4. Pricing is both functional and psychological. Inertia and predictability are a powerful tool that people are still willing to pay a premium for, especially in vertical categories. Is the world really ready, or willing, for everything to be priced based on consumption? Some will, some won’t. Above all, the promise of selling the “work” seems to be most promising.

  • “The way we think about pricing is: we’ve experimented with consumption, consumption doesn’t work, too much change management, humans have too much friction to get there. We’ve experimented with renting AI employee but agentic platforms aren’t at a place where an AI agent can fully autonomously go complete a task without a human breathing down their neck. And so we’ve ended going back to seat based pricing, because it’s a premium product, and the market responded really well. If agents get as good, we’ll see people renting an employee.” – George

 

5. Is some of this crazy AI spend and growth experimental? It feels like the answer is yes, but it’s early. I think about trade-offs between customer experience and automation for automation’s sake, and a good rule of thumb is to prioritize customer loyalty.

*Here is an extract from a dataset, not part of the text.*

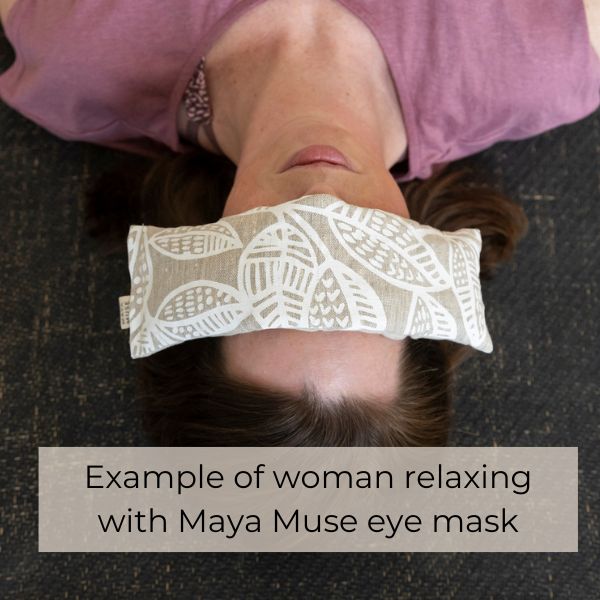 Handprinted organic linen lavender eye pillow - perfect for relaxing and meditating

  • “A lot of people are implementing AI for the sake of implementing AI, irrespective of the customer experience. Have to think about why you’re doing it.” – Mark
  • “There’s a lot of firms that are experimenting with AI, and you saw massive ARR growth in 2023 and the earlier part of 2024, and it was almost all experimental spend. I have, for the last year, made it our company’s mission, maybe even tagline, to say, “stop experimenting with AI, find a way to get value from it.” – George

 

Sometimes the best way to prepare for the future is to pay close attention to the past.